- _Supplied information_:
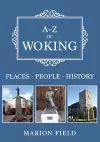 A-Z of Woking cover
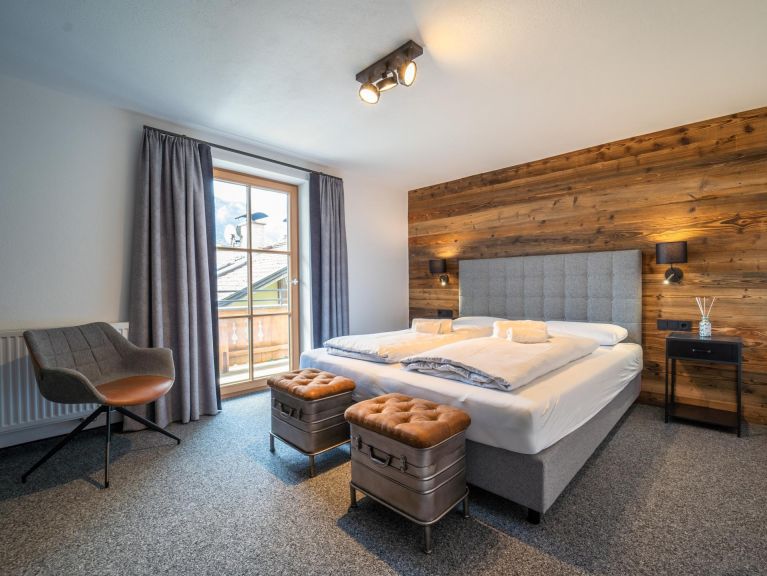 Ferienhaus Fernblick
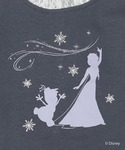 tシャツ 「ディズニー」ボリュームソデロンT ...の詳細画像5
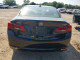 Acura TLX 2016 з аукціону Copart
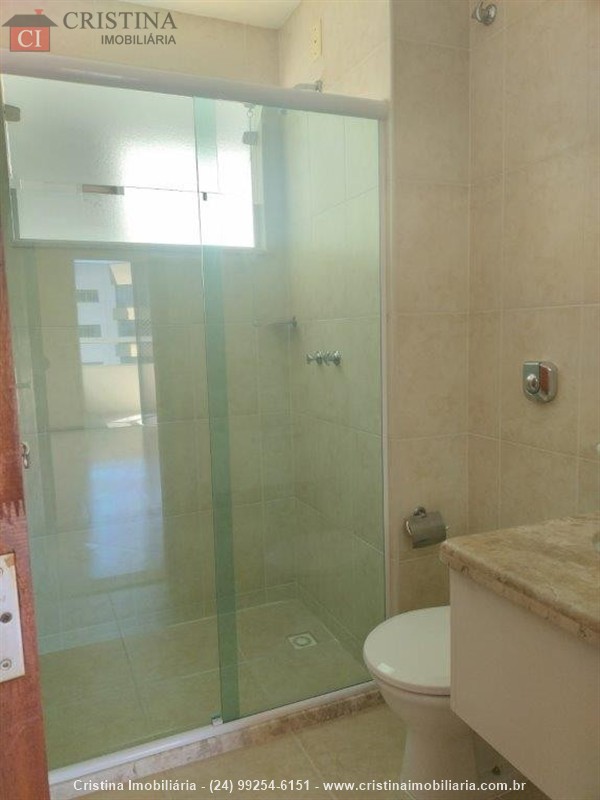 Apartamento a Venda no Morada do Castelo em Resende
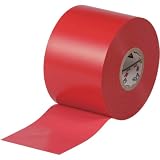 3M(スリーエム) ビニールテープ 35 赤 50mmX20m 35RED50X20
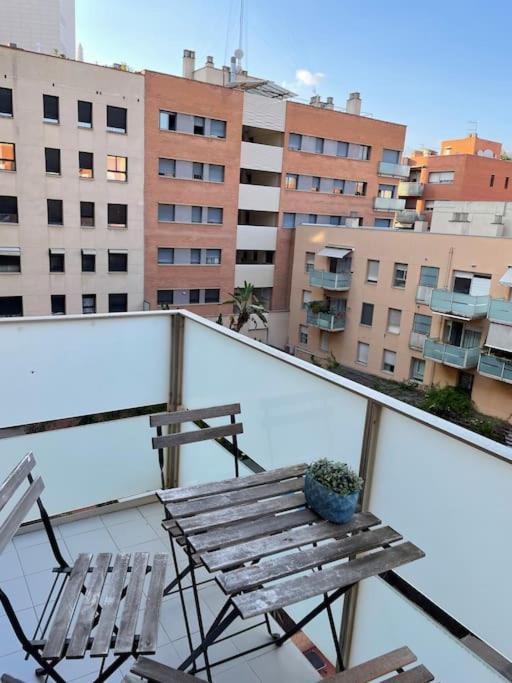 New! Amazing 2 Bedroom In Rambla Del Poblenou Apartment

- _Work required_: Repeat the entries exactly and keep the pictures out of the copy.

- _Result of this exercise_:
 A-Z of Woking cover
 Ferienhaus Fernblick
 tシャツ 「ディズニー」ボリュームソデロンT ...の詳細画像5
 Acura TLX 2016 з аукціону Copart
 Apartamento a Venda no Morada do Castelo em Resende
 3M(スリーエム) ビニールテープ 35 赤 50mmX20m 35RED50X20
 New! Amazing 2 Bedroom In Rambla Del Poblenou Apartment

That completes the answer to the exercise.